(MATERIAL SHOWN begins)
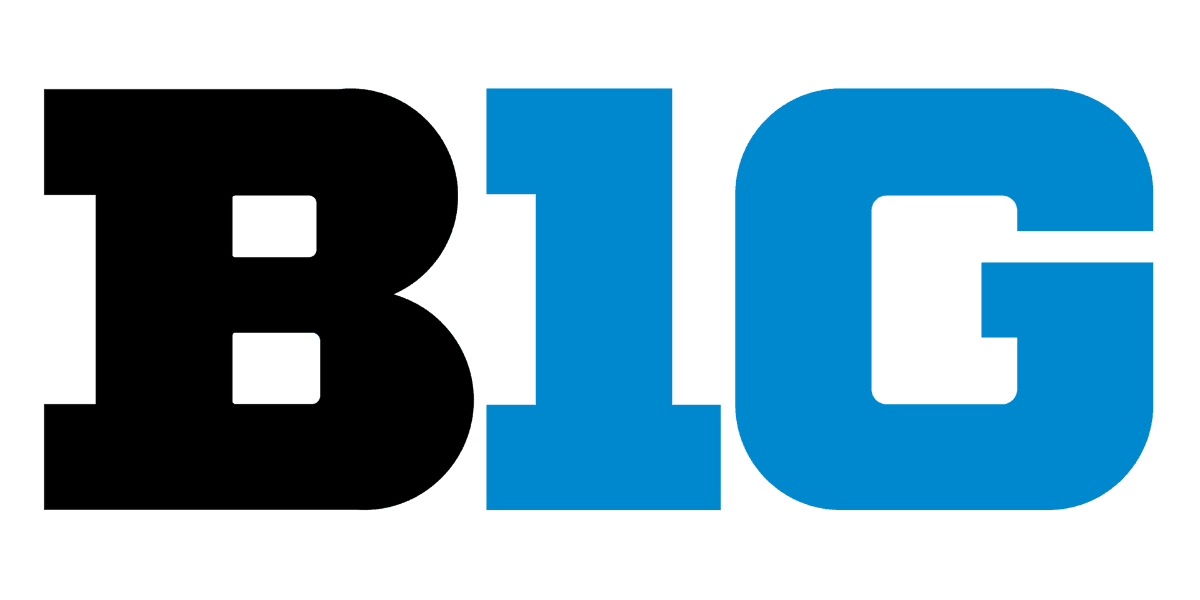 2024 Big Ten Conference Preview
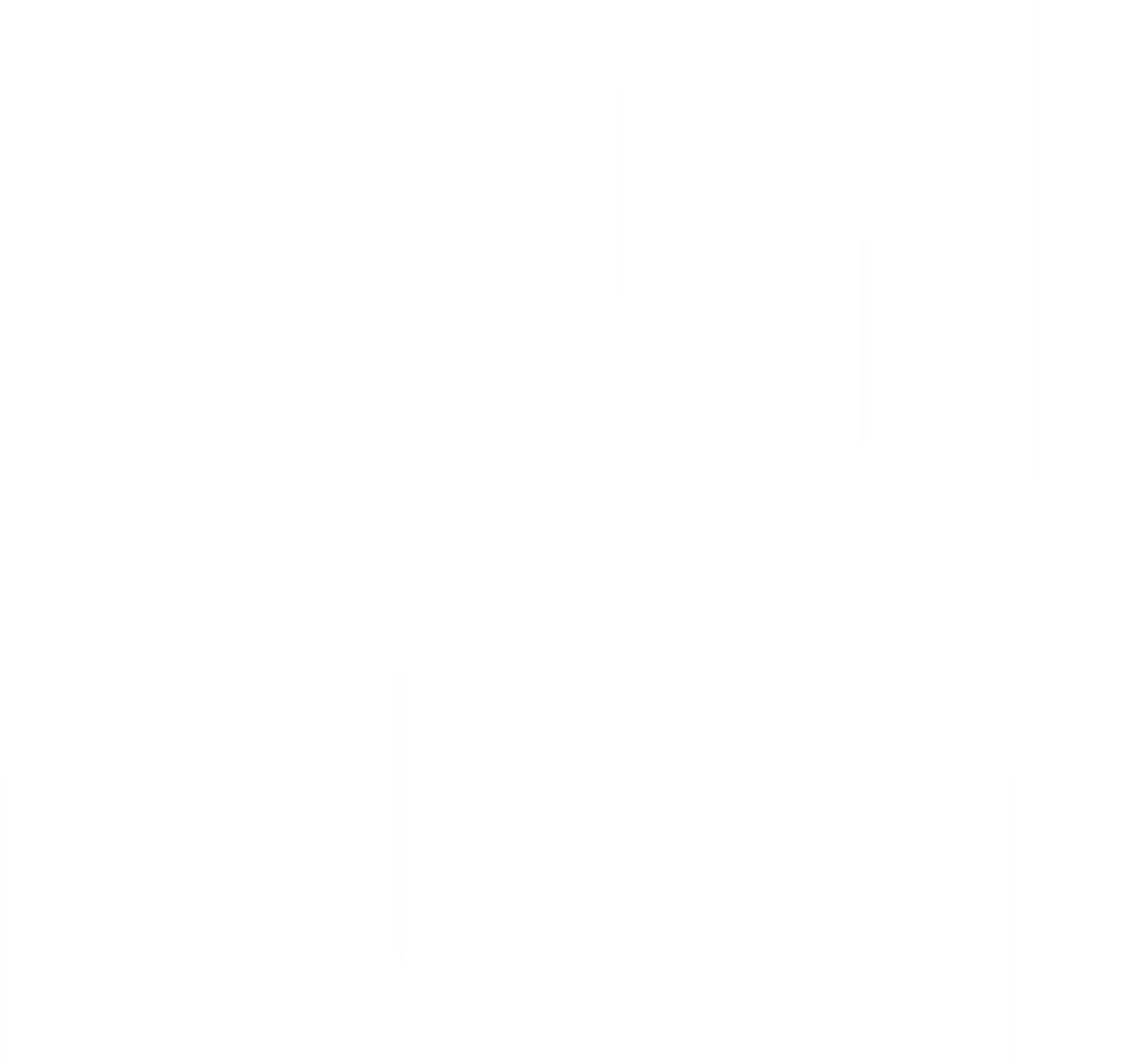 French Flag 1815 1830 (1500x1395), Png Download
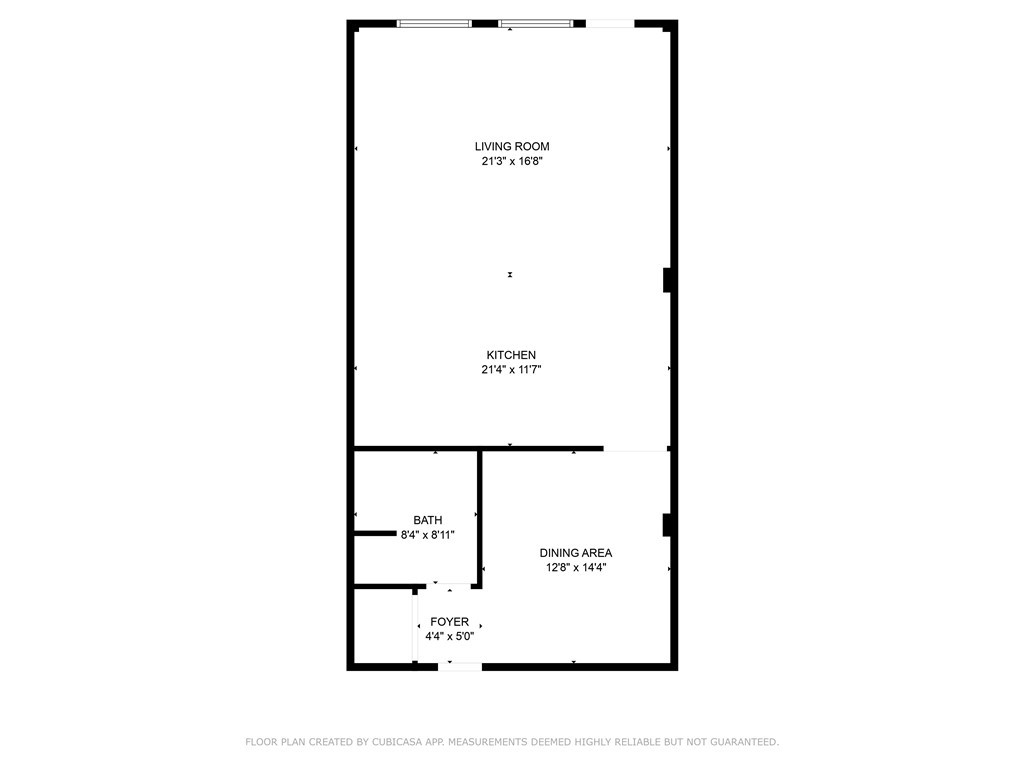 1901 S Pacific Avenue 2 Property Photo 12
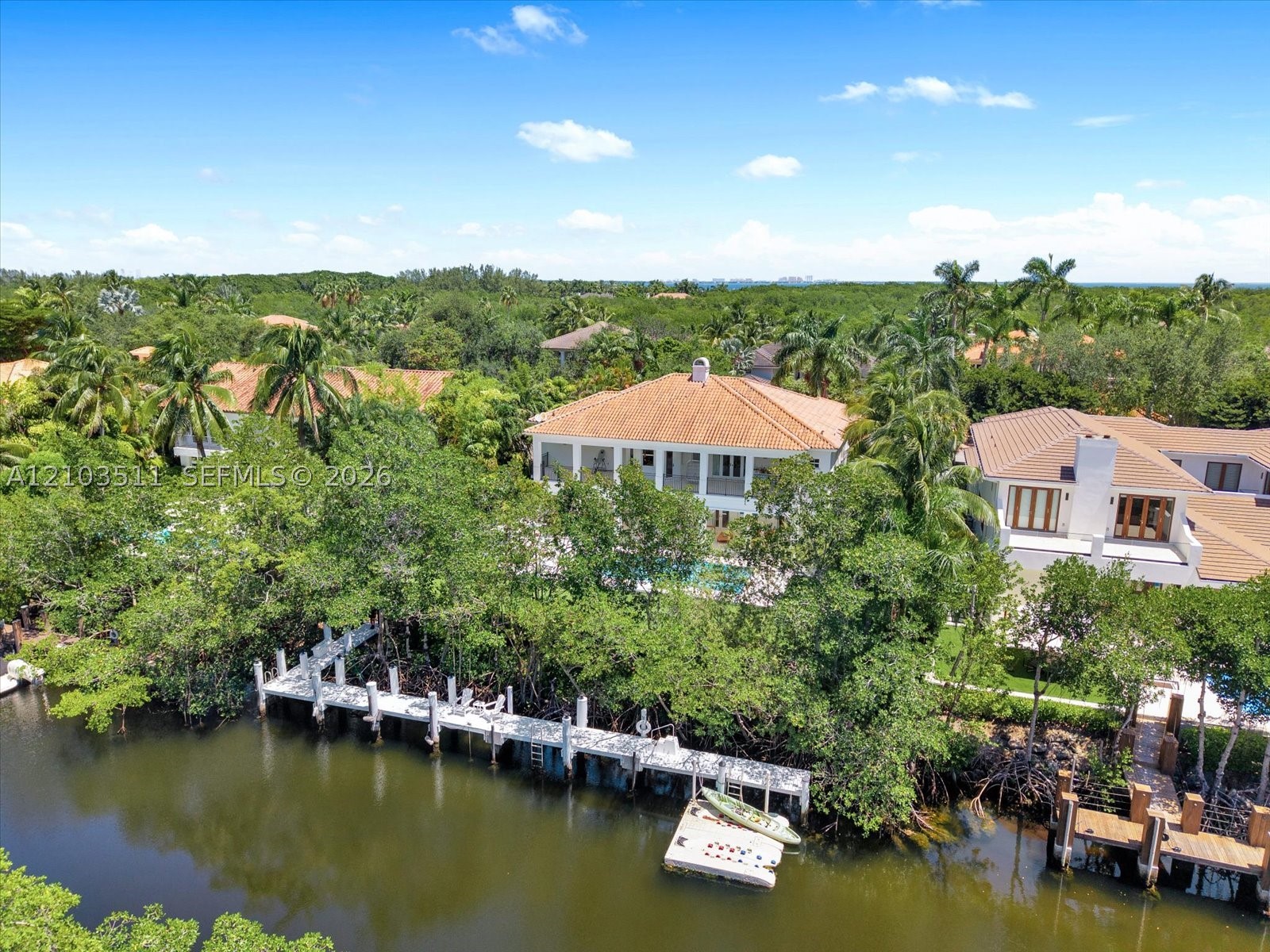 119 Paloma Dr, Coral Gables FL 33143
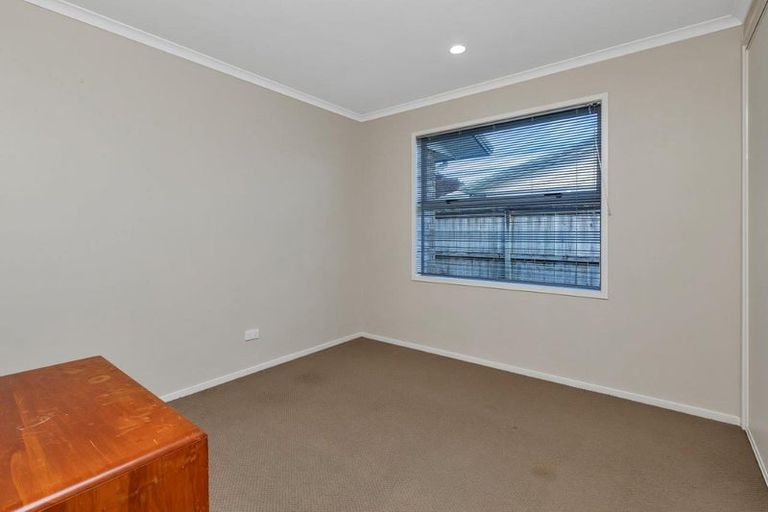 Photo of property in 356 One Tree Point Road, One Tree Point, 0118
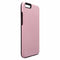 OtterBox Symmetry Case for Apple iPhone 6 Plus 6S Plus - Pink & Purple *Cover - OtterBox - Simple Cell Shop, Free shipping from Maryland!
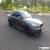 BMW 525D Titanium Grey for Sale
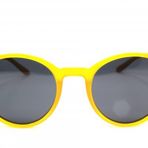 Polo Exchange 905 C3 46 Polarize Unisex Güneş Gözlüğü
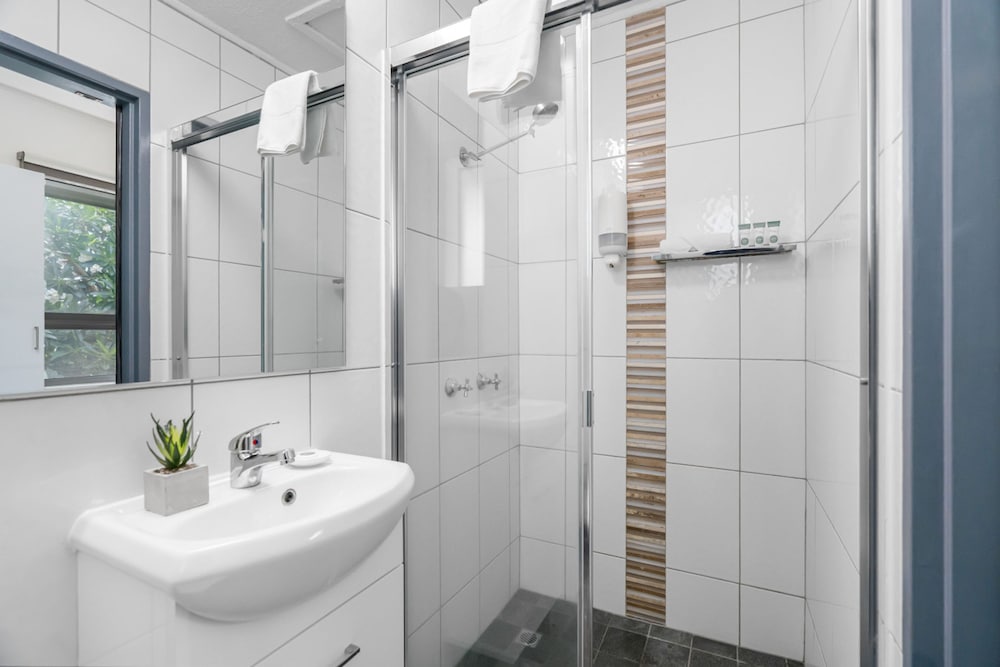 Zen City Villas Suite Le Soleil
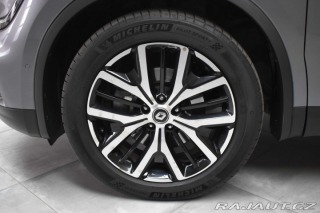 Renault Koleos 2.0 DCi 135kW AUTOMAT*KAM 2022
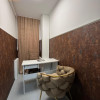 Salon de infrumusetare de inchiriat/vanzare afacere, utilat complet 7 posturi thumb 10
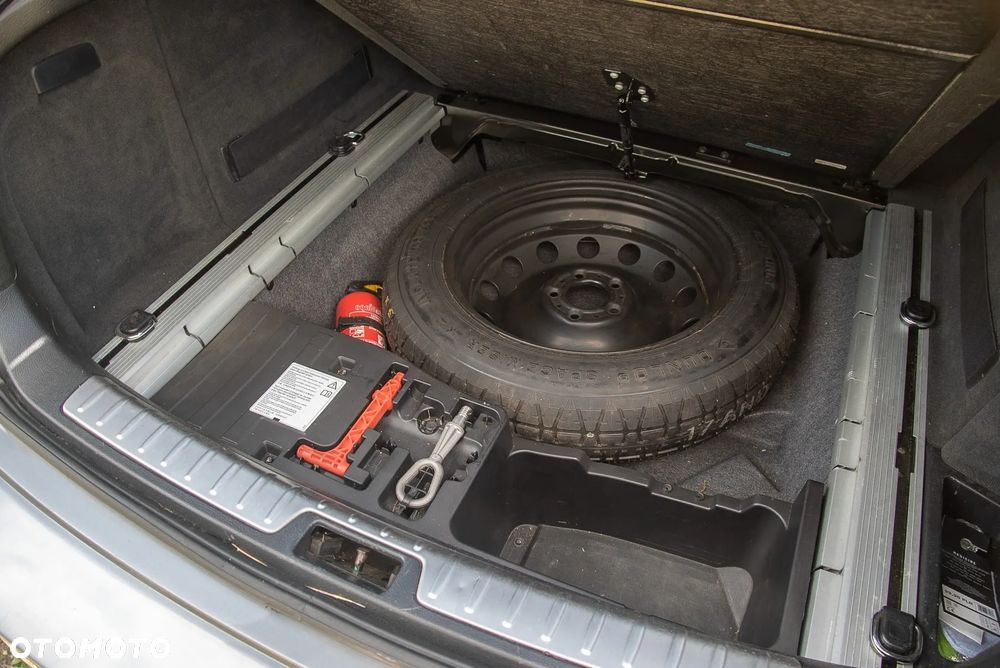 BMW X6 35d xDrive - 21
(MATERIAL SHOWN ends)
The required output is the line containing "French Flag 1815" plus every line after it to the end of the data, copied exactly and with no pictures.

▶ _RESULT OF THE TASK_
 French Flag 1815 1830 (1500x1395), Png Download
 1901 S Pacific Avenue 2 Property Photo 12
 119 Paloma Dr, Coral Gables FL 33143
 Photo of property in 356 One Tree Point Road, One Tree Point, 0118
 OtterBox Symmetry Case for Apple iPhone 6 Plus 6S Plus - Pink & Purple *Cover - OtterBox - Simple Cell Shop, Free shipping from Maryland!
 BMW 525D Titanium Grey for Sale
 Polo Exchange 905 C3 46 Polarize Unisex Güneş Gözlüğü
 Zen City Villas Suite Le Soleil
 Renault Koleos 2.0 DCi 135kW AUTOMAT*KAM 2022
 Salon de infrumusetare de inchiriat/vanzare afacere, utilat complet 7 posturi thumb 10
 BMW X6 35d xDrive - 21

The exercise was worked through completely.